Before the enterprise, hopes of success had dazzled the minds of all; but when it had failed, they, as generally, perceived the injustice of it. The Christians all became aware of the evils with which Jerusalem was menaced, and reproached Amaury with not being able to preserve peace, or knowing how to make war. In the mean time Noureddin’s general entered the capital of Egypt in triumph.
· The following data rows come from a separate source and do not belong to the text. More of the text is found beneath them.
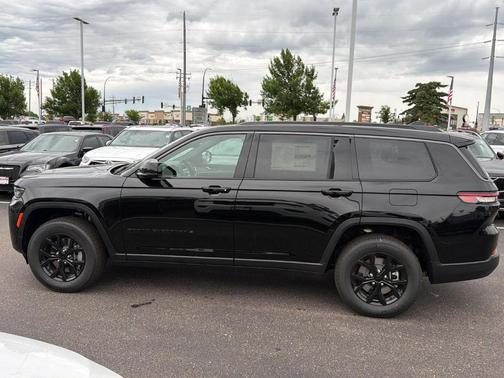 Diamond Black 2026 Jeep Grand Cherokee L Laredo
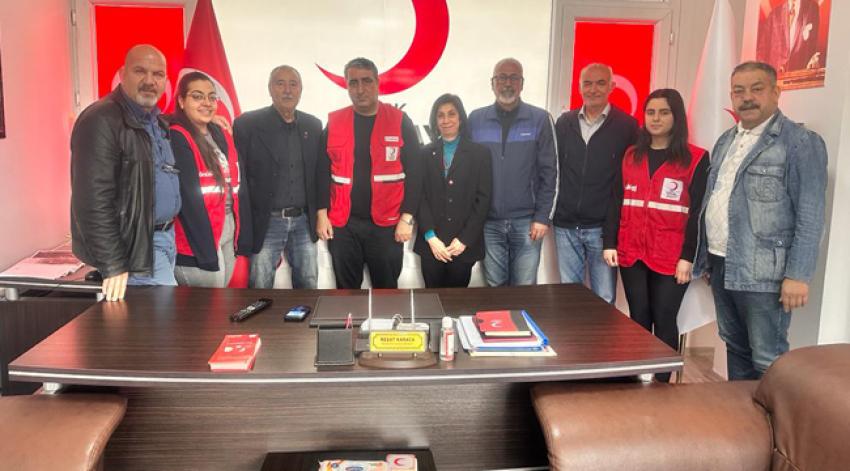 'Kızılayımıza sahip çıkmak mecburiyetindeyiz'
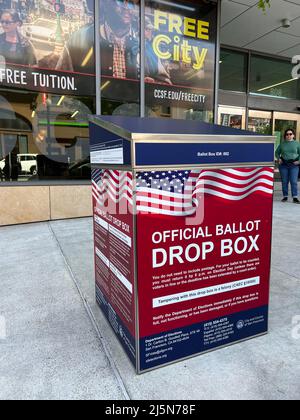 Un ballottaggio ufficiale drop box è visto di fronte a 808 Kearny Street e City College of San Francisco - Chinatown Center il 24 aprile 2022. Ci sono 34 drop box ufficiali a San Francisco. Ogni riquadro delle urne sarà collocato all'aperto, su un percorso di viaggio accessibile, e sarà dotato di un semplice slot per il deposito delle urne, che sarà posizionato a circa 42 pollici da terra, al fine di fornire un accesso ottimale agli elettori che utilizzano sedie a rotelle o altri ausili per la mobilità. Tutti gli avvisi su ogni confezione utilizzeranno un font ad alto contrasto e stampa di grandi dimensioni con una finitura antiriflesso progettata per b Foto Stock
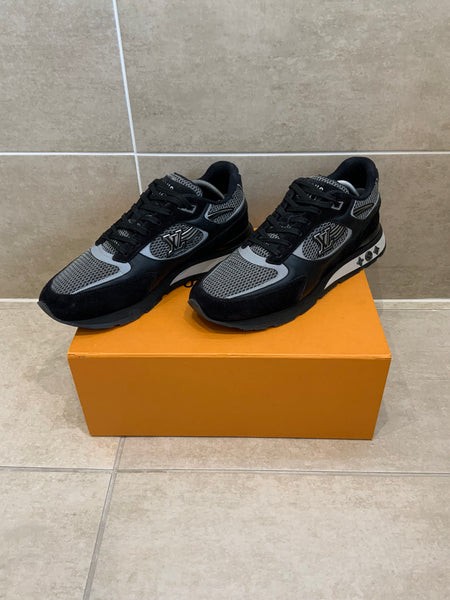 Louis Vuitton Run Away Trainer - UK 10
Chirkou hoisted his standard on the towers of Cairo, and Egypt, which thought it had received a liberator into its bosom, soon found that he was a master. Chaver paid with his life the evils he had inflicted upon his country; he was killed in the camp of Chirkou, and his authority became the reward of the conqueror. The caliph, who, in order to save himself, had demanded the head of his first minister appointed the general of Noureddin as his successor, styling him in his letters, the victorious prince . It was thus that the degraded monarch of Egypt jested with his own favours by flattering a man he did not know, and for whose death he was, most likely, desirous; an image of blind fortune, who scatters at hazard good and evil, and views her favourites and her victims with equal indifference.
Some time after, the caliph of Cairo, always invisible in his palace, was deposed by the orders of Noureddin, and died peaceably without knowing that he had lost his empire. His treasures served to appease the murmurs of the people and the soldiery; the black flag of the Abassides displaced the green standard of the children of Ali, and the name of the caliph of Bagdad was heard of only in the mosques. The dynasty of the Fatimites, which reigned more than two centuries, and for which so much blood had been shed, was extinguished in a single day, and found not even one defender. From that time the Mussulmans had only one religion and one cause to defend; Egypt and Syria obeyed the same chief, and the richest provinces of the East were united under the powerful hand of Noureddin.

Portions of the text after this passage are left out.